Sozialhilfe kann ein Kriterium sein
Beim Bund sieht man hier kein Problem. Unter «wirtschaftlichen Schwierigkeiten» lässt sich demnach mehr subsumieren, als man auf Anhieb meinen könnte. Das Departement Jans nennt diese Kriterien als mögliche Beispiele: akuter Lohnzerfall oder starker Anstieg der Mietzinse. Dies seien indes nur Gedankenspiele.
Laut Involvierten könnte auch die Sozialhilfe ein Kriterium sein: Sollten plötzlich viel mehr EU-Bürger Unterstützung beantragen, könnte dies eine Einschränkung der Freizügigkeit ermöglichen.

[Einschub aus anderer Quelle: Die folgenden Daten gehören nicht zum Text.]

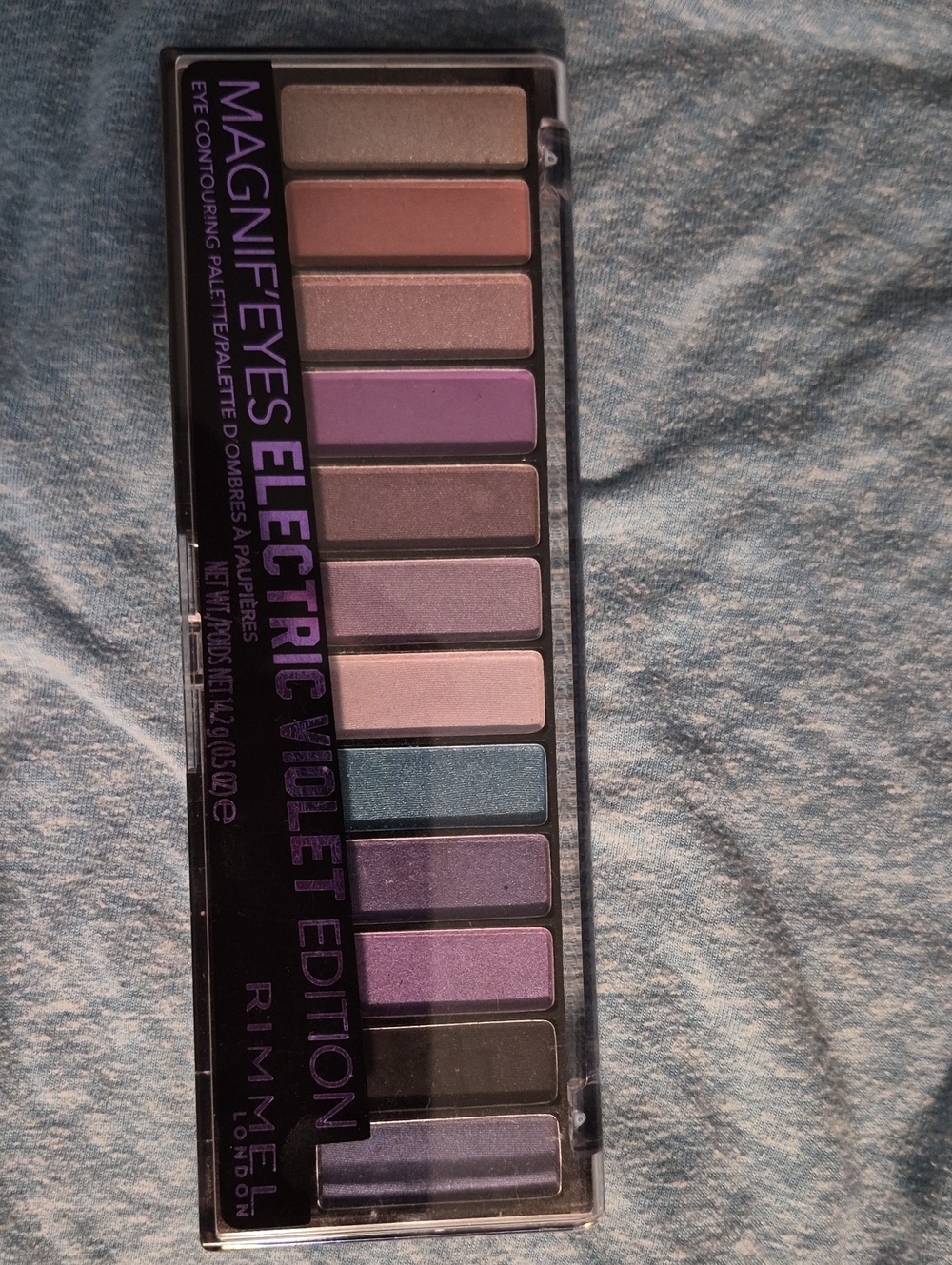 Rimmel London Violet & Blue Eyeshadow Palette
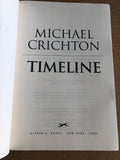 Timeline by: Michael Crichton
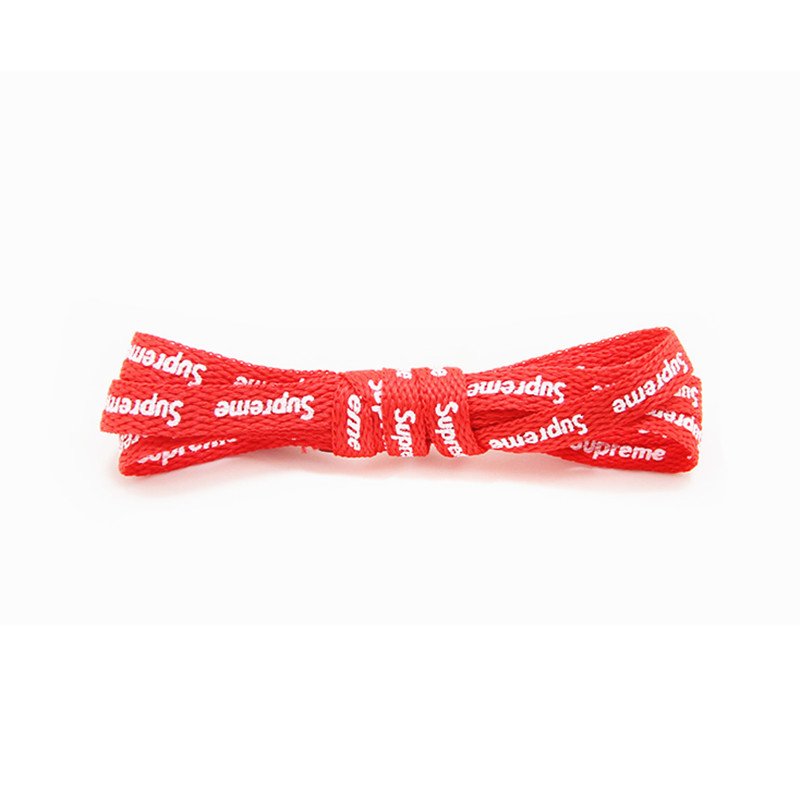 Yrunfeety High Quality 90-160CM Printed Shoelaces Both Sides Flat Print Shoe Laces 4 Colors Printing Shoelaces for AF1 Sneakers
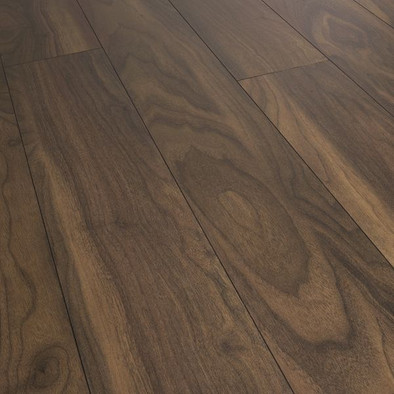 Ламинат Swiss Krono Super Solid Swiss Solid Орех Рубио, D2562 1380х193х12 12 мм 33 класс с фаской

Denkbar sind auch spezifische Kriterien nach Regionen oder Branchen.
Beim zweiten Teil – den konkreten Massnahmen – ist laut dem Justizdepartement der Spielraum ebenfalls gross. Zwar dürfen die Einschränkungen nicht wahllos erfolgen: Sie sollen sich möglichst klar auf konkrete Probleme beziehen, müssen befristet sein und verhältnismässig. Innerhalb dieses Rahmens aber ist aus Berner Sicht vieles denkbar: von Gebühren bei der Anstellung von EU-Bürgern bis hin zu regionalen oder landesweiten Kontingenten.
Hingegen kaum kompatibel ist ein Ansatz, der in der Schweiz viele Sympathien geniesst. Der ehemalige Staatssekretär Michael Ambühl hat ein Modell entworfen, bei dem die Mathematik das Schiedsgericht zumindest teilweise ersetzt: Sobald die Migration in der Schweiz gegenüber der Zuwanderung innerhalb der EU ein bestimmtes Mass übersteigt, wären Einschränkungen möglich.
Weil aber die Schutzklausel wirtschaftliche Probleme voraussetzt, dürfte dies allein nicht genügen. Allerdings scheint Bundesrat Jans auch hier Potenzial zu sehen. Zumindest nennt sein Departement explizit auch «hohe Zuwanderung» als mögliches Kriterium. Man darf gespannt sein, welche Vorschläge Jans seinen Kollegen vorlegt. Bis Ende Februar hat er Zeit.
Wie weit gehen die Gewerkschaften?
fab. Neben der Zuwanderung ist der Lohnschutz der grösste Streitpunkt. Hier gibt es zwei Baustellen. Zum einen wird der Lohnschutz durch das Verhandlungspaket tatsächlich erschwert, etwa wegen der Spesen und der Kautionen, die Firmen aus der EU hierzulande bezahlen. Zum anderen verlangen die Gewerkschaften darüber hinaus zusätzliche Konzessionen. Themen sind die leichtere Ausweitung von Gesamtarbeitsverträgen, der Kündigungsschutz oder Mindestlöhne. Beim zweiten Teil sind die Fronten gegen aussen bis jetzt absolut verhärtet. Eingeweihte mutmassen aber, dies sei nicht für bare Münze zu nehmen. Die Verhandlungen würden erst jetzt anfangen. Finden die Sozialpartner keine Einigung, dürfte das Staatssekretariat für Wirtschaft Vorschläge machen. Am Ende entscheidet das Parlament, ob und wie weit es den Gewerkschaften entgegenkommt, um das Verhandlungspaket mehrheitsfähig zu machen.